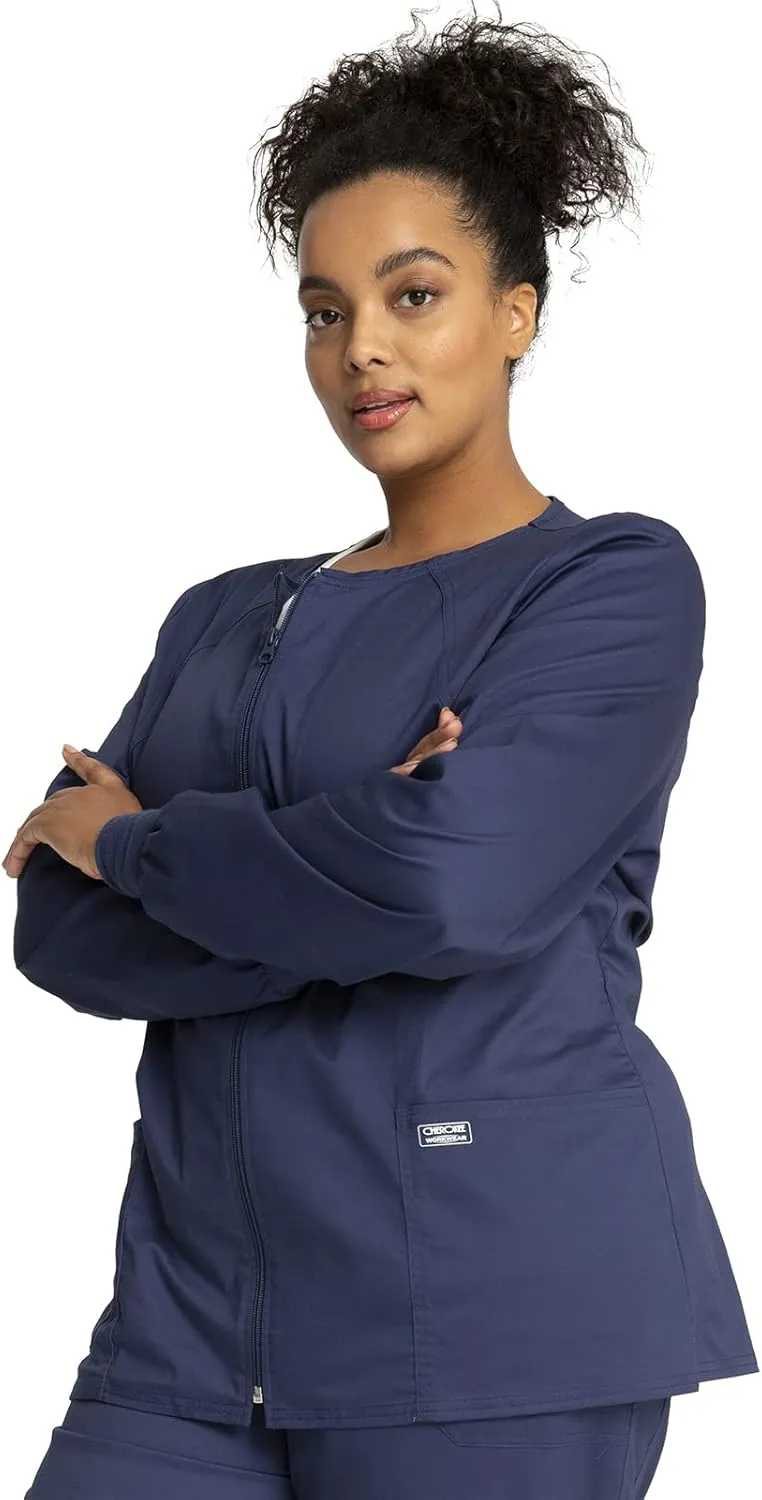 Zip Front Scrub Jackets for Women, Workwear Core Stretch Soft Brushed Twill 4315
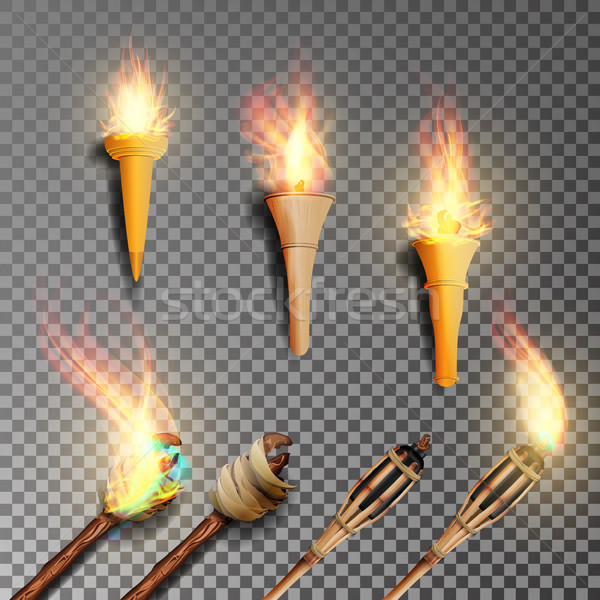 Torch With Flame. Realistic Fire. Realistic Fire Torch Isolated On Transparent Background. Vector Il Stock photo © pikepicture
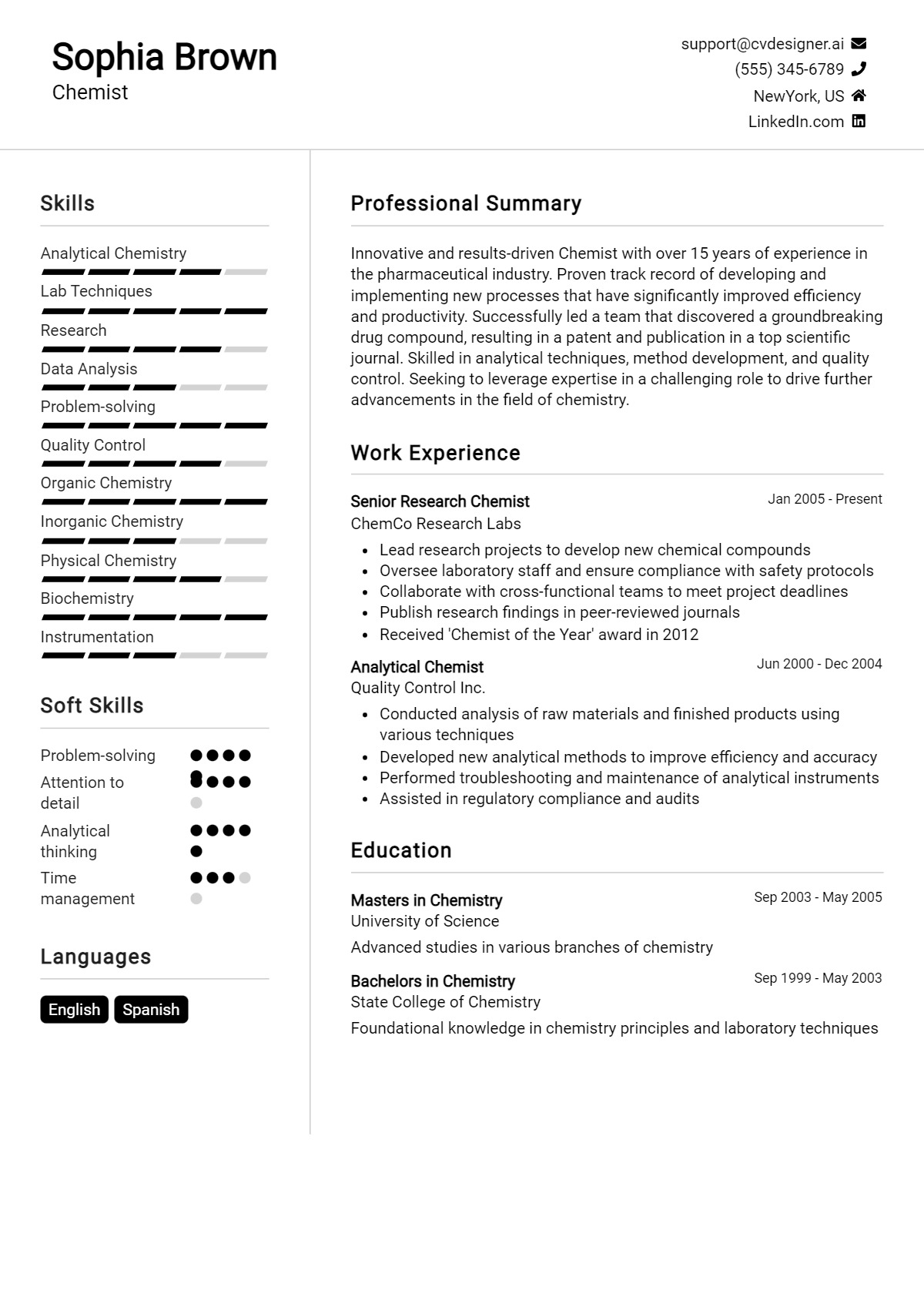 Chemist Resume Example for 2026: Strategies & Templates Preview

### Exercise
Leaving the pictures behind, return every line above exactly.

### Task response
 Zip Front Scrub Jackets for Women, Workwear Core Stretch Soft Brushed Twill 4315
 Torch With Flame. Realistic Fire. Realistic Fire Torch Isolated On Transparent Background. Vector Il Stock photo © pikepicture
 Chemist Resume Example for 2026: Strategies & Templates Preview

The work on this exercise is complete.